German schmalz is rendered animal fat and griebenschmalz is rendered animal fat to which cracklings have been added. Pork is the most common schmalz in Germany and other parts of Europe (it is known as smalec in Poland), while schmalz made from chicken or goose fat is the most common among Ashkenazi Jews.
Schmalz, also written as schmaltz and shmalz, is most often used as a bread spread, instead of butter. While it sounds strange to the uninitiated, a layer of schmalz, sprinkled with salt on top of fresh, German bread is heavenly.
Schmalz is used in a multitude of ways in the German kitchen. It is layered over potted meats, stirred into cabbage dishes, and used for browning onions. Often eaten with the cracklings left in, when it is known as griebenschmalz, schmalz can be flavored with apples and onions as well.
Schmalz is better than bacon fat for many things because it does not add salt to a dish. While high-quality schmalz and griebenschmalz can be purchased in Europe, it is harder to find in the U.S. You can make your own schmalz with a little time and a few pounds of pork fat, by following this recipe.
- 2 pounds fat trimmings from pork
- 1 apple (optional)
- 1 onion (optional)
- Salt (optional)
- Cut fat trimmings into small pieces (1/4 inch square). If they still have a little meat on them, that's OK.
- Place trimmings in a large skillet with high sides over low to medium heat. You may use a lid at any time to help them heat up but do not use a nonstick pan.
- Heat and stir until the trimmings start to melt. Continue to heat and stir for 1 hour or more, until the pieces turn into brown cracklings (grieben).
- If you are adding the apple and onion, peel both, chop fine and add at this time. Keep cooking the fat until the apple starts to turn golden brown, 15 minutes or more.
- You can add salt if you wish, but it is more common to salt the rendered fat when spread on bread just before consumption.

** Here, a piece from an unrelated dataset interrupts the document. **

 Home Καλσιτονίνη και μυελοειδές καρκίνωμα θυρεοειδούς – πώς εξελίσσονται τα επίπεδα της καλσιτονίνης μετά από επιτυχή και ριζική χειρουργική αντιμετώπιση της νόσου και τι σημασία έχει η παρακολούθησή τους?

- Pour into a crock but do not use glass as the hot fat could cause it to shatter. If you would like smooth schmalz, pour it through a sieve or even cheesecloth, to remove all the browned bits. Cool completely.
- Keep the lard in a cool spot. It will keep for many weeks unrefrigerated and eve longer when refrigerated.
- If you don't combine the cracklings with the schmalz, you might want to save them to use in soups or bean pots. Freeze them in a plastic zip-top bag patting down until the contents are about 1 inch thick. Then just break off what you need and return the rest to the freezer.